I guess to qualify as a reagent of the month the material has to fulfil certain criteria and commercial availability, though not essential, is very desirable. N-((Methylsulfonyl)oxy)acetimiodyl chloride (henceforth known, at least by me, as Fier’s reagent) is now available to buy from Sigma Aldrich (CAS: 1433887-06-9). The compound is an air and moisture stable crystalline solid and has utility as a bifunctional intermediate for pyridine elaboration.[1] Designed and published last year by Patrick Fier from Merck Rahway it enables the mild, nucleophilic functionalization of pyridines in the C2 position (J. Am. Chem. Soc. 2017, 139, 9499).[2] This methodology is an improvement over the traditional N-oxidation/activation approach and avoids per-oxidation of the pyridine nitrogen atom and its inherent safety risks.

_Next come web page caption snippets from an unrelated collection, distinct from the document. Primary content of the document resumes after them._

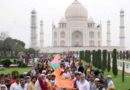 Agra News: उर्स के आखरी दिन ताजमहल पर उमड़ा सैलानियों का जन सैलाब,पर्यटकों में धक्का-मुक्की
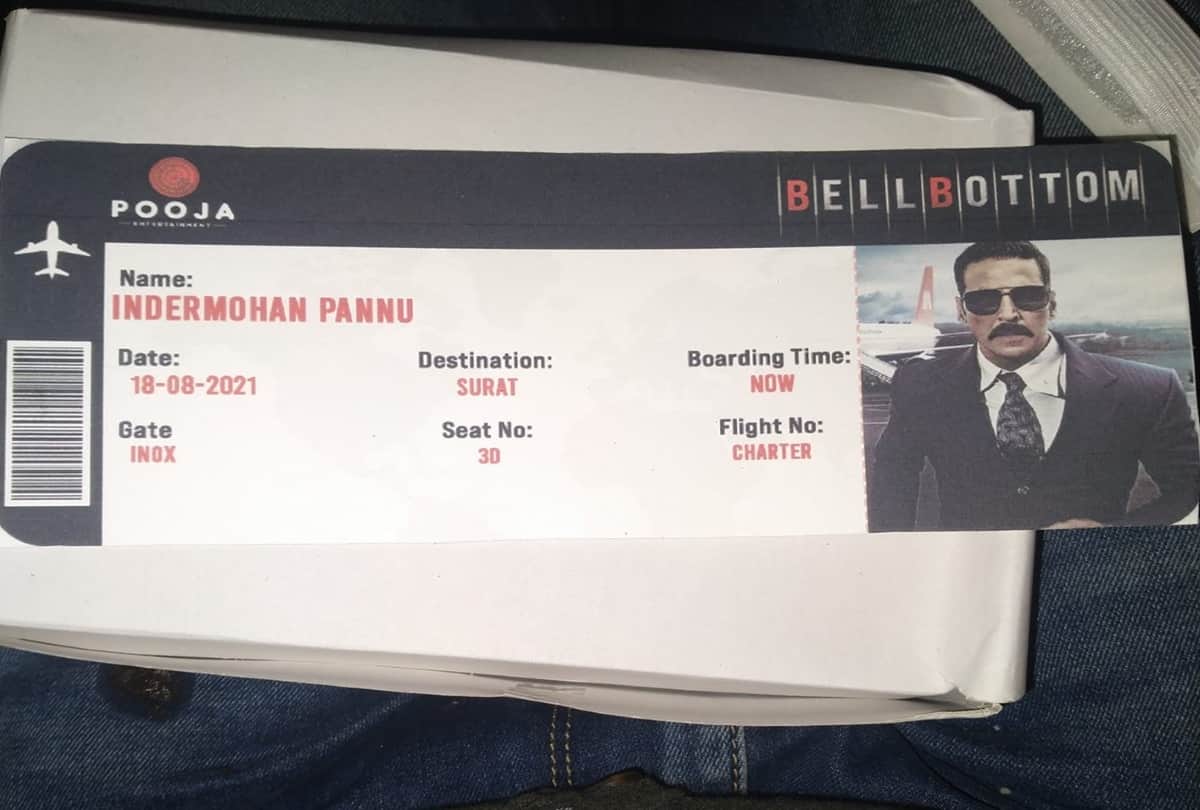 Akshay kumar and Vashu bhagnani charter a plane to take media from Bombay to surat for a special sceening of the BellBottom in 3D
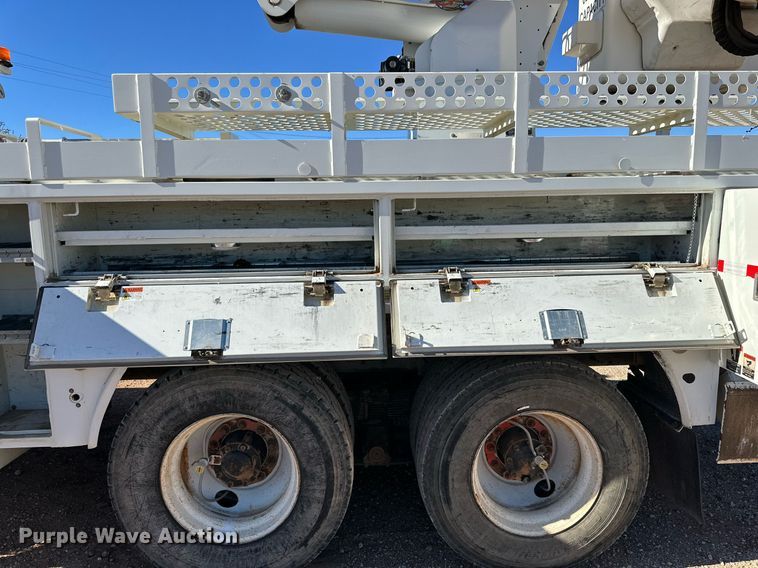 image for item DQ1558 2012 International WorkStar 7400  bucket truck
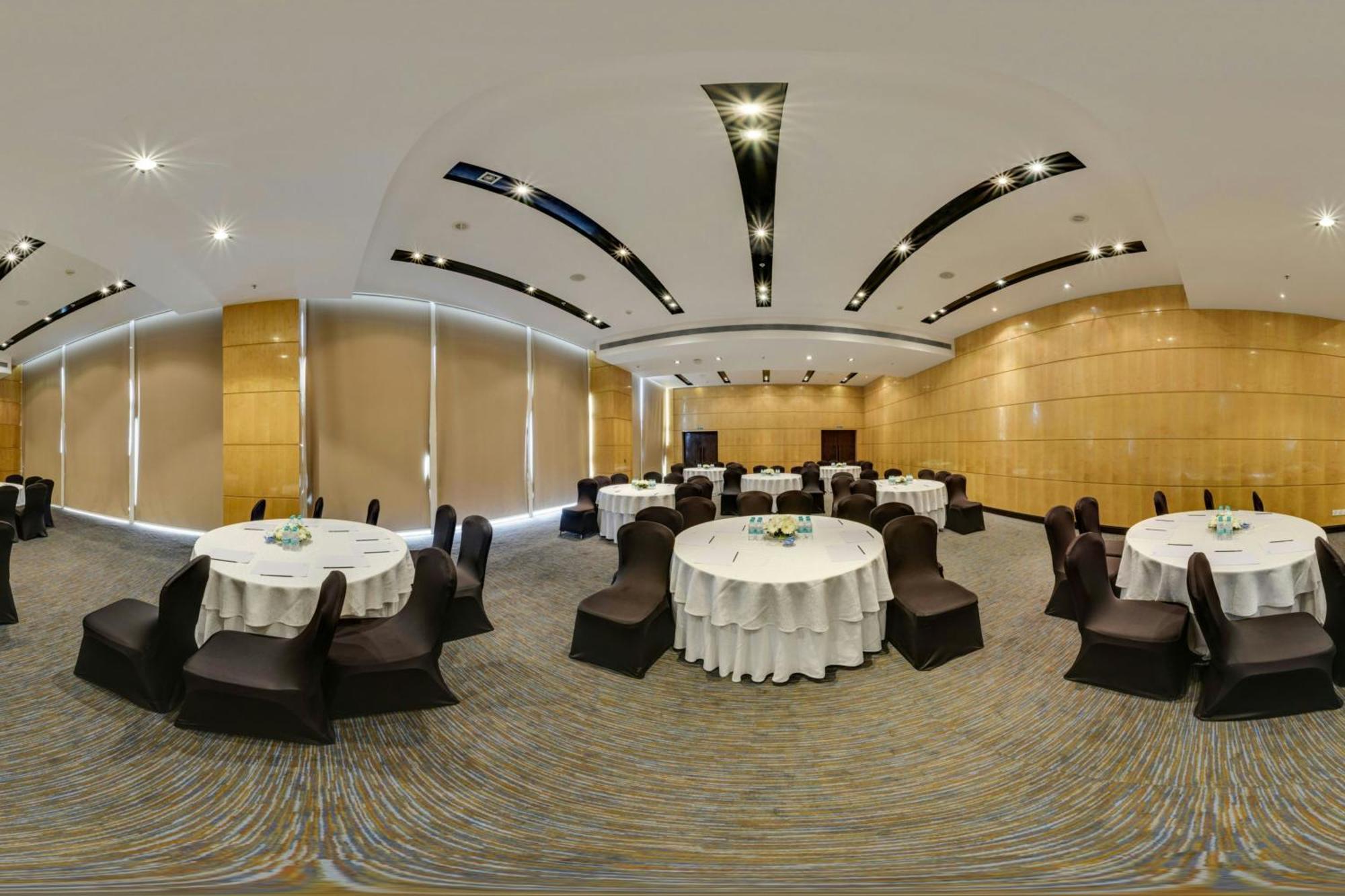 Hotel Fairfield By Marriott Lakhnaú Exteriér fotografie
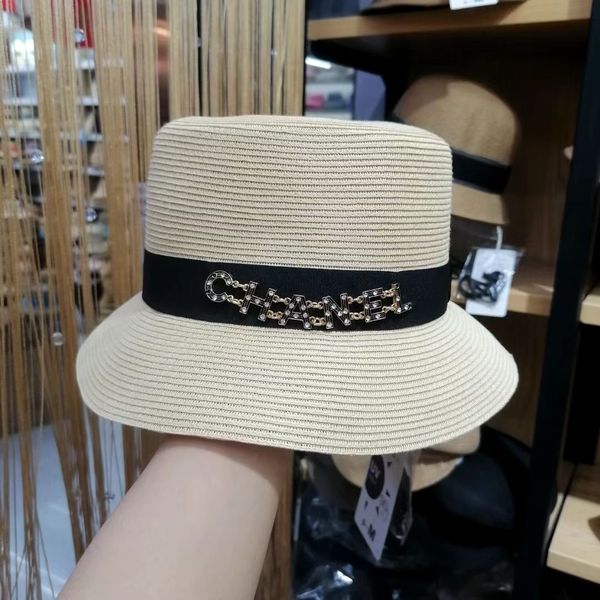 handmade diamond fisherman's straw hat, Black;white
handmade diamond fisherman's straw hat, Black;white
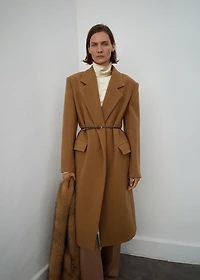 Wool coat with lapels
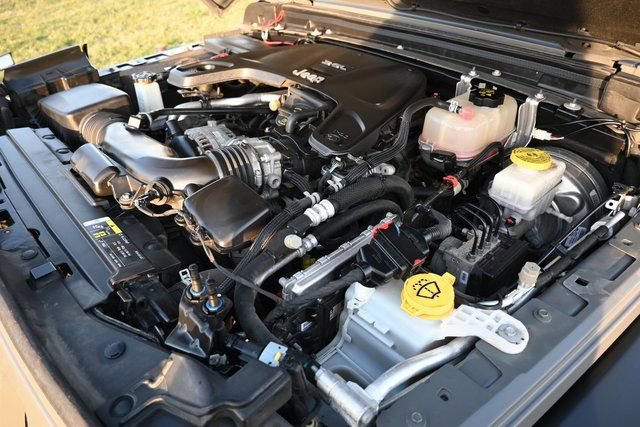 Used 2020 Jeep Wrangler Sport image 16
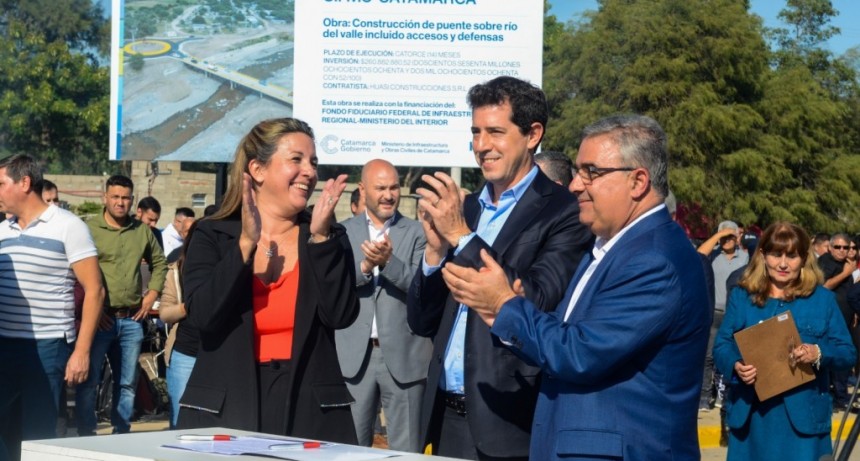 Raúl y Wado inauguraron el Puente en el Camino de la Virgen y firmaron convenios para ciclovías en rutas provinciales 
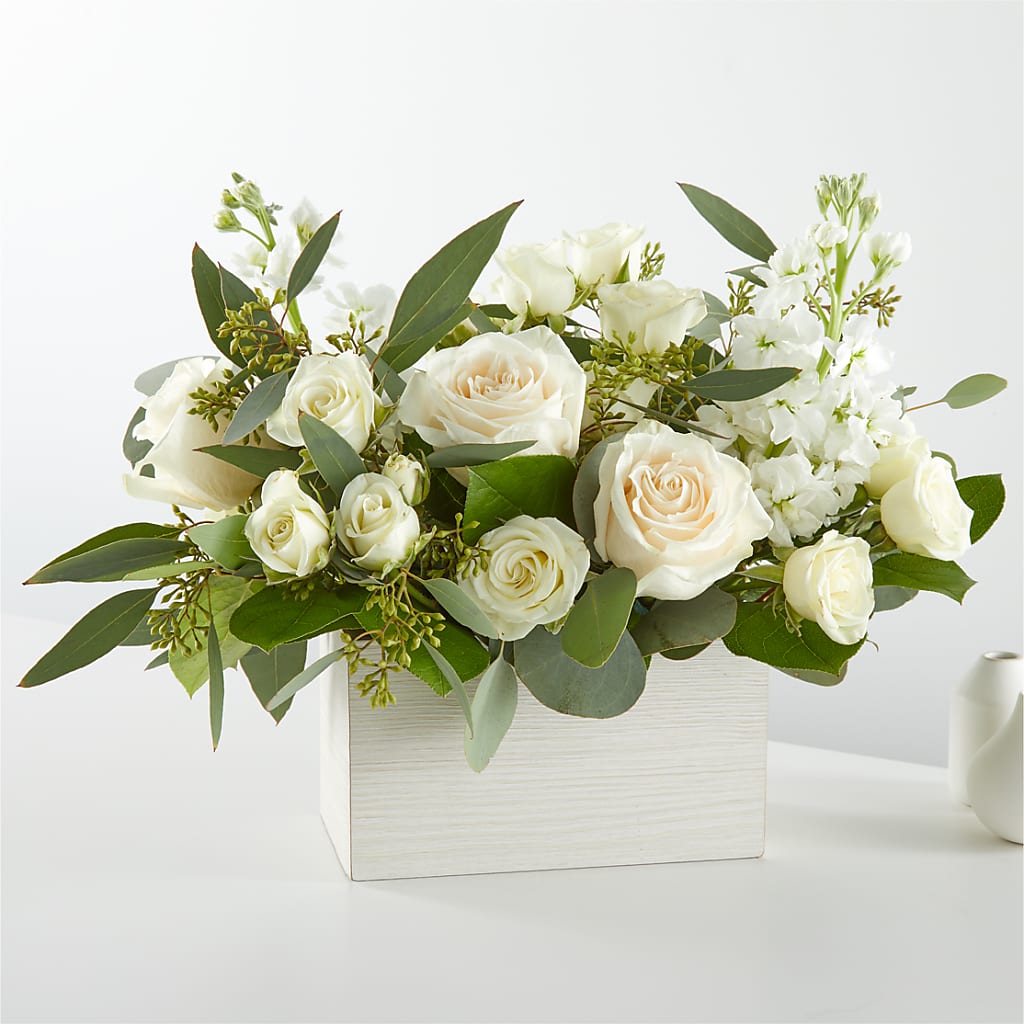 Fresh Linen Box Bouquet – The Eclectic Florist, Northwood NH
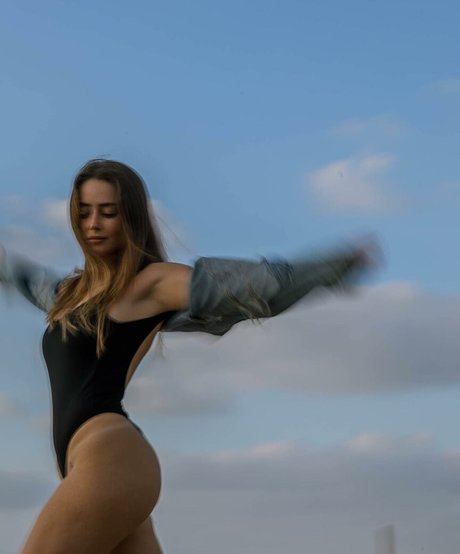 Effy Palarya photo 110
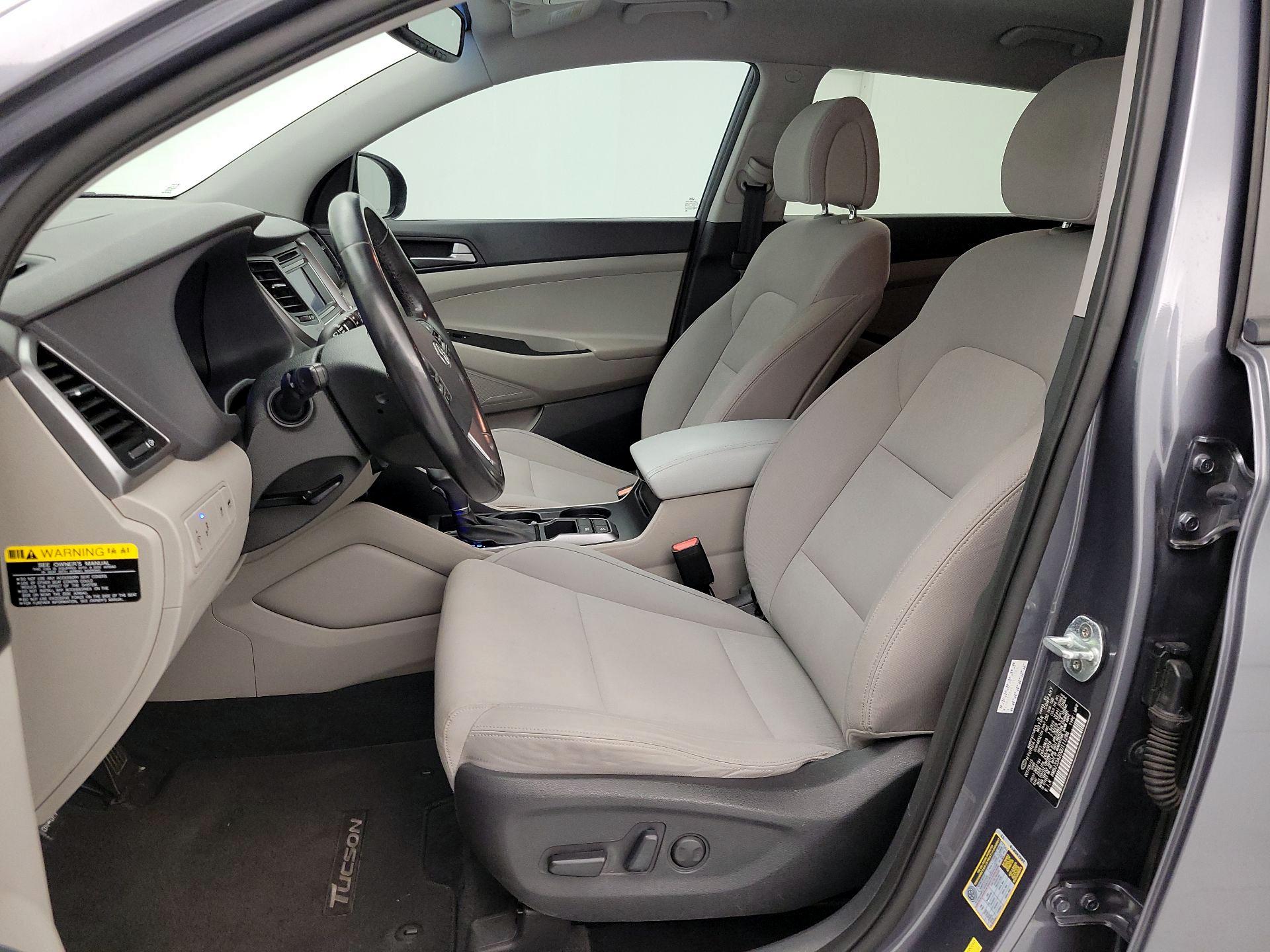 Thumbnail: 2016 Hyundai Tucson - 11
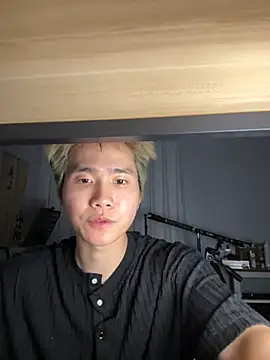 Snapshot of A-Markk chatting on 02/26/26, 02:39 A-Markk online show from 02/26/26, 02:39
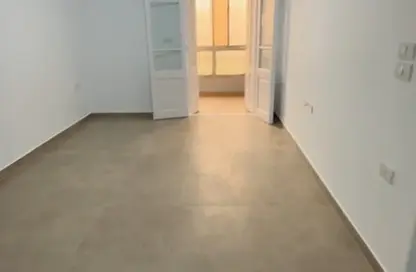 Apartment - 3 Bedrooms - 1 Bathroom for rent in Ammar Ibn Yasser St. - El Hegaz Square - El Nozha - Cairo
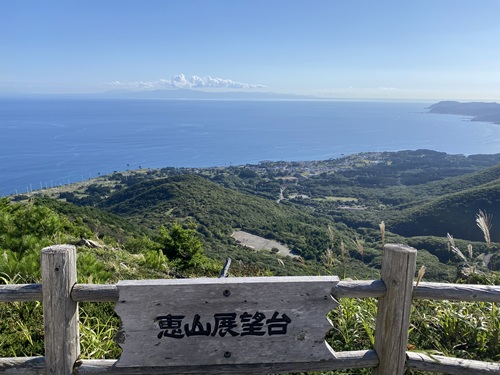 恵山展望台から見える海と山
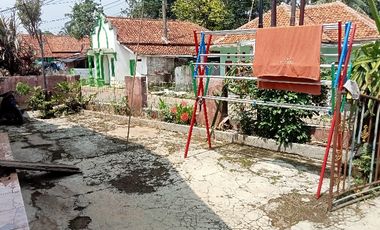 Rumah Siap Huni, Lt. 260 m, Lokasi strategis, Bojong, Pwk.
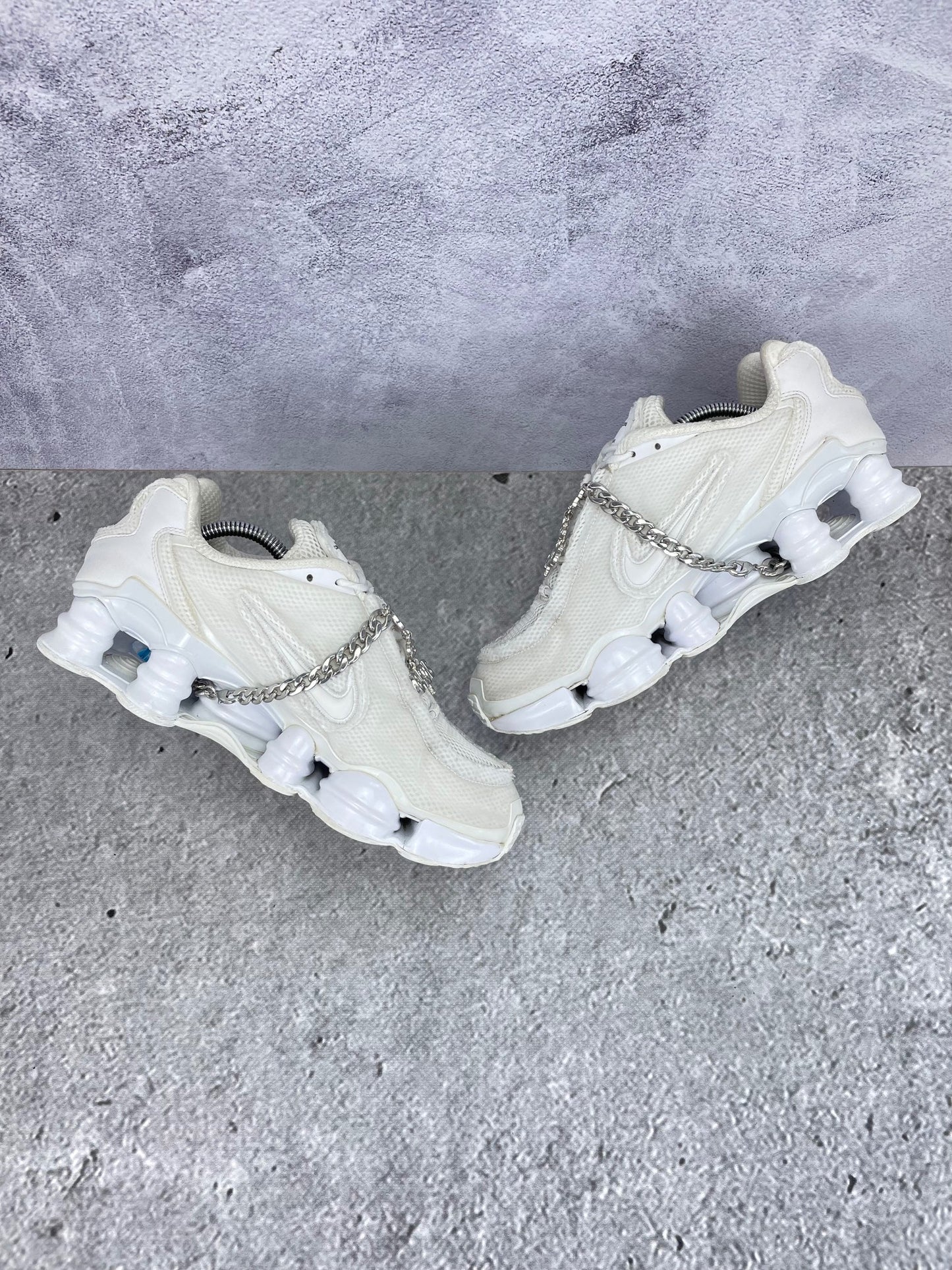 Nike Shox TL / CDG Triple White - buty sportowe, zewnętrzny panel prawego buta
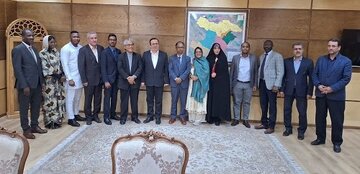 دعوت استاندار قزوین از سفرای خارجی برای حضور در مراسم پنجاه به در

Equilibrium reaction of a suitable pyridine substrate with the α-chloro-O -methanesulfonyl aldoxime (to generate the intermediate pyridinium hydrochloride salt, Figure 2) requires a stochiometric amount of NaOTf (1.2 eqv, CH3CN, 80°C, 1-2hrs) to drive the forward reaction by precipitation of NaCl. Several pyridinium salts disclosed in the publication were isolated and characterized by X-ray crystallography.

Figure 2

The paper describes and exemplifies direct cyanation of a range of substituted pyridines and the procedure demonstrated good functional group tolerance (including boronate esters, aldehydes, esters and halides) generating the 2-cyanopyridine derivatives in high yield (NaCN, Na2CO3, rt).[3] Of note is that many of these functional groups are reactive to conditions in which pyridine-N-oxide formation would normally be carried out. A mechanism is proposed in which irreversible cyanide addition occurs (confirmed by deuterium labelling) before deprotonation and formation of required 2-substituted product, with CH3CN, NaOMs and NaHCO3 generated as water-soluble waste products (Figure 2).

Preliminary results from reaction of the intermediate pyridinium salts with methoxide, Grignard, organozinc reagents and malonate anion are also presented and suggest that there is considerable scope for future innovation in this approach.

[1] It is made from acetaldehyde oxime by chlorination with NCS, followed by reaction with MsCl/Et3N.

[2] Pyridines are ubiquitous in the pharmaceutical and agrochemical industries, see J. Med. Chem. 2014, 57, 5845; De Novo synthesis of substituted pyridines Tetrahedron 2004, 60, 6043.

[3] Interestingly, Zn(CN)2 gives the 4-cyano derivative as the major product, NaCN and KCN both give the 2-cyano.